Scraped caption text data

********************

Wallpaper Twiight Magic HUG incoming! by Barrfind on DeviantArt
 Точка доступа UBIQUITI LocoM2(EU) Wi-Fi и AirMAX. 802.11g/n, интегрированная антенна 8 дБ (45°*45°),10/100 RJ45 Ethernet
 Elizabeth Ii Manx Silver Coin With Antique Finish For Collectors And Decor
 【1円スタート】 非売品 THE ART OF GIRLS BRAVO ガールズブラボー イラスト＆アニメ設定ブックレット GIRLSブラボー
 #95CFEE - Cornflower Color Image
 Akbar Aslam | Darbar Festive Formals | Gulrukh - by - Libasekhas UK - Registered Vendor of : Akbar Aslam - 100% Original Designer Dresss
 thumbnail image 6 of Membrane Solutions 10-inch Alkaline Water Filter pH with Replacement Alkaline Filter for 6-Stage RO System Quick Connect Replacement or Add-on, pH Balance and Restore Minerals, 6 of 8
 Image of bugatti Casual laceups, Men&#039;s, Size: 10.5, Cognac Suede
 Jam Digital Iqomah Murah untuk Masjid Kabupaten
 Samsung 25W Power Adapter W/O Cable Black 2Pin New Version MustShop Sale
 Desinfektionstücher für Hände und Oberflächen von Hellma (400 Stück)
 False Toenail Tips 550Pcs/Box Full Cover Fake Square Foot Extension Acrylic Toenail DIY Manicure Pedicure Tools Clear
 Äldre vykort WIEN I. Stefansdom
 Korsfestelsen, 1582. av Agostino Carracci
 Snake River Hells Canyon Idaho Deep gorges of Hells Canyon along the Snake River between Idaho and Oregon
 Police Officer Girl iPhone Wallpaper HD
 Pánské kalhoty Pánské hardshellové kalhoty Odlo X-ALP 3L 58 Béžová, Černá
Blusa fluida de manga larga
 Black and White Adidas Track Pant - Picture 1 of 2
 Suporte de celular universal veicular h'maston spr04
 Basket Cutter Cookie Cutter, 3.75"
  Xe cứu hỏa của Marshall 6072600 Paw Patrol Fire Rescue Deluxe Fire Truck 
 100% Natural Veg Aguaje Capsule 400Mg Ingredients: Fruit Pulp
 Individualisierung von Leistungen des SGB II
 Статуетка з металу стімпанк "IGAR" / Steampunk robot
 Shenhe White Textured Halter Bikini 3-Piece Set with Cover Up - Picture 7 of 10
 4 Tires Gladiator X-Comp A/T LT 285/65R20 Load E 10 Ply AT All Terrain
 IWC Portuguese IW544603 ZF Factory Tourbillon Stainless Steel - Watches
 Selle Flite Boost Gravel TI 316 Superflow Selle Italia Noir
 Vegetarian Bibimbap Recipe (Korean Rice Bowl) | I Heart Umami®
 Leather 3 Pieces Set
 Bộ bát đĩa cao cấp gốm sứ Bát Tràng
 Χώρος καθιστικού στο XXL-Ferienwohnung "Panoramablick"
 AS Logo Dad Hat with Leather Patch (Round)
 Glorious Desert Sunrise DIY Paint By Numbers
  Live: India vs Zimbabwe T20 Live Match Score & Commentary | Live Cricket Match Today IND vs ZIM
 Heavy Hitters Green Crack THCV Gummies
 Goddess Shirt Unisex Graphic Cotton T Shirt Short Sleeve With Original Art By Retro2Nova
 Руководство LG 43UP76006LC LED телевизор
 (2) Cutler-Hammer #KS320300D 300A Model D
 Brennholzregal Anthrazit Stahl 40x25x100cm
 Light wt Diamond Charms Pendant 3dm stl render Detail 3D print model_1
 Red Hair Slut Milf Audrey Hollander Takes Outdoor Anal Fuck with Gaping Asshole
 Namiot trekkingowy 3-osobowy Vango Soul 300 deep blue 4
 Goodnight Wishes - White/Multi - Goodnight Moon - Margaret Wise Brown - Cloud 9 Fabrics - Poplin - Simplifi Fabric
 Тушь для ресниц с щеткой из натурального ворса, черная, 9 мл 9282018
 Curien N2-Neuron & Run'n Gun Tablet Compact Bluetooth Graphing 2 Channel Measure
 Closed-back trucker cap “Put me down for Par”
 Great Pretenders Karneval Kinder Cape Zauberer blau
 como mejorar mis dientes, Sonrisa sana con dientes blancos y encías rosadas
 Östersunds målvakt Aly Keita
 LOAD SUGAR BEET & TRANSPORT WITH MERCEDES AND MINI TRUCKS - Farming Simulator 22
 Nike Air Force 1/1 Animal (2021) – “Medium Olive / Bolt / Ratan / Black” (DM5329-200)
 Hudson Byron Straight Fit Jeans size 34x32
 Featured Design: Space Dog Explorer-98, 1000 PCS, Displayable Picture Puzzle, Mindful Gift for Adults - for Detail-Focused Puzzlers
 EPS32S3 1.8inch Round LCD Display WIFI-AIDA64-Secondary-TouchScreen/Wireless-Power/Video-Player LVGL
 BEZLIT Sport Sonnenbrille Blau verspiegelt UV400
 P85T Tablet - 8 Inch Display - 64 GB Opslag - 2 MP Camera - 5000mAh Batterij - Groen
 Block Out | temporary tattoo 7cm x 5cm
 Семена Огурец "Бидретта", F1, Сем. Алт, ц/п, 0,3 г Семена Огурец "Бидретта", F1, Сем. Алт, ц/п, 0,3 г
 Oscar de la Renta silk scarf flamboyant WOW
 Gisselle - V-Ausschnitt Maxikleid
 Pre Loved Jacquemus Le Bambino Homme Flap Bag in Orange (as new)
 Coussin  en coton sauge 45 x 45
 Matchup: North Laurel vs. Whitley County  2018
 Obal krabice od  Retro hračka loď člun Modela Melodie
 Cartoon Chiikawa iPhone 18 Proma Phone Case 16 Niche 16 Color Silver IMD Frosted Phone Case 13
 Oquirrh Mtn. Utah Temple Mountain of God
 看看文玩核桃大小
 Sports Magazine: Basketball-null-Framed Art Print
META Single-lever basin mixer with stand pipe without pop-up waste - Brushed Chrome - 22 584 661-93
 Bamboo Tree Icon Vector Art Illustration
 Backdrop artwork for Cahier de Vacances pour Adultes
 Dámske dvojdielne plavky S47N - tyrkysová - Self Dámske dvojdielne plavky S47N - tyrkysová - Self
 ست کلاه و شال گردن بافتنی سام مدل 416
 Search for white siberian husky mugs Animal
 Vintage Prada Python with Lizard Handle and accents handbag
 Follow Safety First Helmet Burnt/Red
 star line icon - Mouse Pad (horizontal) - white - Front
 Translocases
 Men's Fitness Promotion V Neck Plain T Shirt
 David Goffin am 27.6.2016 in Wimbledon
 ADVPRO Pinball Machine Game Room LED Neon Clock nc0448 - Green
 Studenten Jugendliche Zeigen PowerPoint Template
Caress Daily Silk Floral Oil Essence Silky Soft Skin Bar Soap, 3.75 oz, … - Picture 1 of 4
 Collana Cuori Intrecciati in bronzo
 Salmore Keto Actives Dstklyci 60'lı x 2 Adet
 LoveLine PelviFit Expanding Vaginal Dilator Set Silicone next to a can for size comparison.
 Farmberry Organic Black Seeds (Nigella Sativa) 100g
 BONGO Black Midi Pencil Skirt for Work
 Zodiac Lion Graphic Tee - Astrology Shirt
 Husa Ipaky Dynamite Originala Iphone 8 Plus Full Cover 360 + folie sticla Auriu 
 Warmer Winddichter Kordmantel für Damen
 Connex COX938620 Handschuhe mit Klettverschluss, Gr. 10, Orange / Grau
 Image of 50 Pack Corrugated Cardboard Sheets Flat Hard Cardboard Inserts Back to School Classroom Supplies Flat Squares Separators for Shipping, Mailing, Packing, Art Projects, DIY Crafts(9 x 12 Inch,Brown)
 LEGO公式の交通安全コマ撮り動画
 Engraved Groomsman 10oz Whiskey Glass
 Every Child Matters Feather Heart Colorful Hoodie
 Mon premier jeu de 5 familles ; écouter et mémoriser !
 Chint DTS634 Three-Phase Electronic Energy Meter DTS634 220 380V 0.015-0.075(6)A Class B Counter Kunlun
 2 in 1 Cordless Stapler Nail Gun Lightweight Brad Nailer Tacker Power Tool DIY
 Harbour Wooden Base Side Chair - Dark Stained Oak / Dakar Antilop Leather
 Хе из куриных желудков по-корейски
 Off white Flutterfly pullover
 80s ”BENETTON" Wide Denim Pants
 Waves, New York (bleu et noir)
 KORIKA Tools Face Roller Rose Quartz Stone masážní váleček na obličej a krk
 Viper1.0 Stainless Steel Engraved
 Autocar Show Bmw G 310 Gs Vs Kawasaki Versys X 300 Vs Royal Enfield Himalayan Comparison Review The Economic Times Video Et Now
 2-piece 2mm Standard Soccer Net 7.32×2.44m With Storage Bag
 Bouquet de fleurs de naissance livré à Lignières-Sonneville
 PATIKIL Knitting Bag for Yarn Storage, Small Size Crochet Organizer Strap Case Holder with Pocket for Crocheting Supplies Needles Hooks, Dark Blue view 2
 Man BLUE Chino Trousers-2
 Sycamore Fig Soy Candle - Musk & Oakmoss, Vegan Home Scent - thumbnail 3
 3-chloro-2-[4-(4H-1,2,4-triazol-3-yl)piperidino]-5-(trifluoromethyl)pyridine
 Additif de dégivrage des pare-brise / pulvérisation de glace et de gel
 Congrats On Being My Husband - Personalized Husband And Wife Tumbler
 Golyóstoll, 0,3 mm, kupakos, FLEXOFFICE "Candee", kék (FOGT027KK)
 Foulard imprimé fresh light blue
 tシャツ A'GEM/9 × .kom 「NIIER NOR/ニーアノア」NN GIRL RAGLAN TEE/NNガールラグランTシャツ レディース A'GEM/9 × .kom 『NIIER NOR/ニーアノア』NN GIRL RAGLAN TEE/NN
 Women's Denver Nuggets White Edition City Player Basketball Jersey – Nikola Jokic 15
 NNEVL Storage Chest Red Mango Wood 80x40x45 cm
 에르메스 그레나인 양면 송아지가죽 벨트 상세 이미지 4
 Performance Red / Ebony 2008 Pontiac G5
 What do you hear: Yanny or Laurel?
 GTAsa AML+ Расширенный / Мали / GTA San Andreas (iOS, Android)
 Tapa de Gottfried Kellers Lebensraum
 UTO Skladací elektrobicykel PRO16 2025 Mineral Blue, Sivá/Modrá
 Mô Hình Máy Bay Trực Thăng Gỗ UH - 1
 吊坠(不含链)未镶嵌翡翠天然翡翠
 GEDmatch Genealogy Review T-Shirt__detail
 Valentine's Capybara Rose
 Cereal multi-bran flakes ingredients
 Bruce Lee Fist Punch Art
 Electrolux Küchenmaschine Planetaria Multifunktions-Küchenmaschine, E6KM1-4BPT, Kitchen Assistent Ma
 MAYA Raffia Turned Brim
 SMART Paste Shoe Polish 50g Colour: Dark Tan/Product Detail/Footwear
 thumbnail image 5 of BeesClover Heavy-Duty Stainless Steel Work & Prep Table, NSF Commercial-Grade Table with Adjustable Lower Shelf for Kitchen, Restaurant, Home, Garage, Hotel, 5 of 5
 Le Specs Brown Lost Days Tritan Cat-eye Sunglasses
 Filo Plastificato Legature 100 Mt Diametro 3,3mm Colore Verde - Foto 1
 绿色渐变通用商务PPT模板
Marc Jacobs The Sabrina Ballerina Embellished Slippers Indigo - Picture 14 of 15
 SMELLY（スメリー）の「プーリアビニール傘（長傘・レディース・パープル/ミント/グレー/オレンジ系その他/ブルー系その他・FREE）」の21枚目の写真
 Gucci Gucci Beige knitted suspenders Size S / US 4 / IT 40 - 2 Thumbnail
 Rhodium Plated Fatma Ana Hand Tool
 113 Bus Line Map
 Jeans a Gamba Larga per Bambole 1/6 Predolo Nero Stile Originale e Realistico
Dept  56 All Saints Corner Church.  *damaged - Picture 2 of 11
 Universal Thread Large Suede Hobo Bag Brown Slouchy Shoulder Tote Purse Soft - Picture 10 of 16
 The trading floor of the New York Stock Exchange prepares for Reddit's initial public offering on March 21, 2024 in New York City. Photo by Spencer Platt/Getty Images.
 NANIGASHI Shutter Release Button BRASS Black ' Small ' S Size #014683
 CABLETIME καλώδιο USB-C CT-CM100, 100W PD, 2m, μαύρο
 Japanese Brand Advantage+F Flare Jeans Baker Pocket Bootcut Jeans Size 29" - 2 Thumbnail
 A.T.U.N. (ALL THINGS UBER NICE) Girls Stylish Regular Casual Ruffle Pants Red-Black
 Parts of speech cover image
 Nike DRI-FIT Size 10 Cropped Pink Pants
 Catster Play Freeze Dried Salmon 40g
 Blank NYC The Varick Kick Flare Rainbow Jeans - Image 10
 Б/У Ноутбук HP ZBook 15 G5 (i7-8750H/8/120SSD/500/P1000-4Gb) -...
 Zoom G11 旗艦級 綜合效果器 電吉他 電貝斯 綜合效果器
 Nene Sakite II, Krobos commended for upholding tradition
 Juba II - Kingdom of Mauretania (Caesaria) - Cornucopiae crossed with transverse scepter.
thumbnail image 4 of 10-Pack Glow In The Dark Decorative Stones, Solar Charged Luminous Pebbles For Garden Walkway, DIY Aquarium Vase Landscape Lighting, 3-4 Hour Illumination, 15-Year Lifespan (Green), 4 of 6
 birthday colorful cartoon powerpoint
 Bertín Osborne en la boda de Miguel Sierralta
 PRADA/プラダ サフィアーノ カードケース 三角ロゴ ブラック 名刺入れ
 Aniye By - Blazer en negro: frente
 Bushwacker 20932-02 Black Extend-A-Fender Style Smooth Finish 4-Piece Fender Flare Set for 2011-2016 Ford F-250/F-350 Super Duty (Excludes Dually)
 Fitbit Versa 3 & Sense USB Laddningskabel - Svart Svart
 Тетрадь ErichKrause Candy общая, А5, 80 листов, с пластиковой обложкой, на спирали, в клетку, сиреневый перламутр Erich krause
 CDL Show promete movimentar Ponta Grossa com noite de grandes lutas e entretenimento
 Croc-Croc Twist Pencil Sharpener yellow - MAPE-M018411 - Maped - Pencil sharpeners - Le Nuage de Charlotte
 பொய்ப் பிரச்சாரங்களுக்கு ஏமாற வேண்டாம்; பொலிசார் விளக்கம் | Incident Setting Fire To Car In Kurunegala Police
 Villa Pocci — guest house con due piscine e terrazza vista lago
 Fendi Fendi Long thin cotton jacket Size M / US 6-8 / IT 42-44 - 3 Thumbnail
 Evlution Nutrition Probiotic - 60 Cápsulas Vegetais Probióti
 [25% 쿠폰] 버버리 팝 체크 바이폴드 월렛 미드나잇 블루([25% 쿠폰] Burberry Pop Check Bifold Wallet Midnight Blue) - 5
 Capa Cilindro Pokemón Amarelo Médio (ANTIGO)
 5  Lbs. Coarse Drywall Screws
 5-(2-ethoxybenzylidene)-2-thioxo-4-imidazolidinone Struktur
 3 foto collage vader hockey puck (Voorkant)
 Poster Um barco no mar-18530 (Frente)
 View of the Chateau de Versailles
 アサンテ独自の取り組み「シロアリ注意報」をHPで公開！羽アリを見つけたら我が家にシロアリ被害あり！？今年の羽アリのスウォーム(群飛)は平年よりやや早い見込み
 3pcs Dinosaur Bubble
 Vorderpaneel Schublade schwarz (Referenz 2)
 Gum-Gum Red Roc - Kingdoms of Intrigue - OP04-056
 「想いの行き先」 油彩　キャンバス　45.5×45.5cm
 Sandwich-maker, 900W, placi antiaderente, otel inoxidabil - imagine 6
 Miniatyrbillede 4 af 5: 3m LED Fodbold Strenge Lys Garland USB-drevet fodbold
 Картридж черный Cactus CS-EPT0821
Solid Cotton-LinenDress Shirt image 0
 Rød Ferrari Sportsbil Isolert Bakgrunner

********************

Your answer must be the line containing "Aniye By - Blazer en negro: frente" and every line after it through the end of the records above, reproduced exactly and alone.

 Aniye By - Blazer en negro: frente
 Bushwacker 20932-02 Black Extend-A-Fender Style Smooth Finish 4-Piece Fender Flare Set for 2011-2016 Ford F-250/F-350 Super Duty (Excludes Dually)
 Fitbit Versa 3 & Sense USB Laddningskabel - Svart Svart
 Тетрадь ErichKrause Candy общая, А5, 80 листов, с пластиковой обложкой, на спирали, в клетку, сиреневый перламутр Erich krause
 CDL Show promete movimentar Ponta Grossa com noite de grandes lutas e entretenimento
 Croc-Croc Twist Pencil Sharpener yellow - MAPE-M018411 - Maped - Pencil sharpeners - Le Nuage de Charlotte
 பொய்ப் பிரச்சாரங்களுக்கு ஏமாற வேண்டாம்; பொலிசார் விளக்கம் | Incident Setting Fire To Car In Kurunegala Police
 Villa Pocci — guest house con due piscine e terrazza vista lago
 Fendi Fendi Long thin cotton jacket Size M / US 6-8 / IT 42-44 - 3 Thumbnail
 Evlution Nutrition Probiotic - 60 Cápsulas Vegetais Probióti
 [25% 쿠폰] 버버리 팝 체크 바이폴드 월렛 미드나잇 블루([25% 쿠폰] Burberry Pop Check Bifold Wallet Midnight Blue) - 5
 Capa Cilindro Pokemón Amarelo Médio (ANTIGO)
 5  Lbs. Coarse Drywall Screws
 5-(2-ethoxybenzylidene)-2-thioxo-4-imidazolidinone Struktur
 3 foto collage vader hockey puck (Voorkant)
 Poster Um barco no mar-18530 (Frente)
 View of the Chateau de Versailles
 アサンテ独自の取り組み「シロアリ注意報」をHPで公開！羽アリを見つけたら我が家にシロアリ被害あり！？今年の羽アリのスウォーム(群飛)は平年よりやや早い見込み
 3pcs Dinosaur Bubble
 Vorderpaneel Schublade schwarz (Referenz 2)
 Gum-Gum Red Roc - Kingdoms of Intrigue - OP04-056
 「想いの行き先」 油彩　キャンバス　45.5×45.5cm
 Sandwich-maker, 900W, placi antiaderente, otel inoxidabil - imagine 6
 Miniatyrbillede 4 af 5: 3m LED Fodbold Strenge Lys Garland USB-drevet fodbold
 Картридж черный Cactus CS-EPT0821
Solid Cotton-LinenDress Shirt image 0
 Rød Ferrari Sportsbil Isolert Bakgrunner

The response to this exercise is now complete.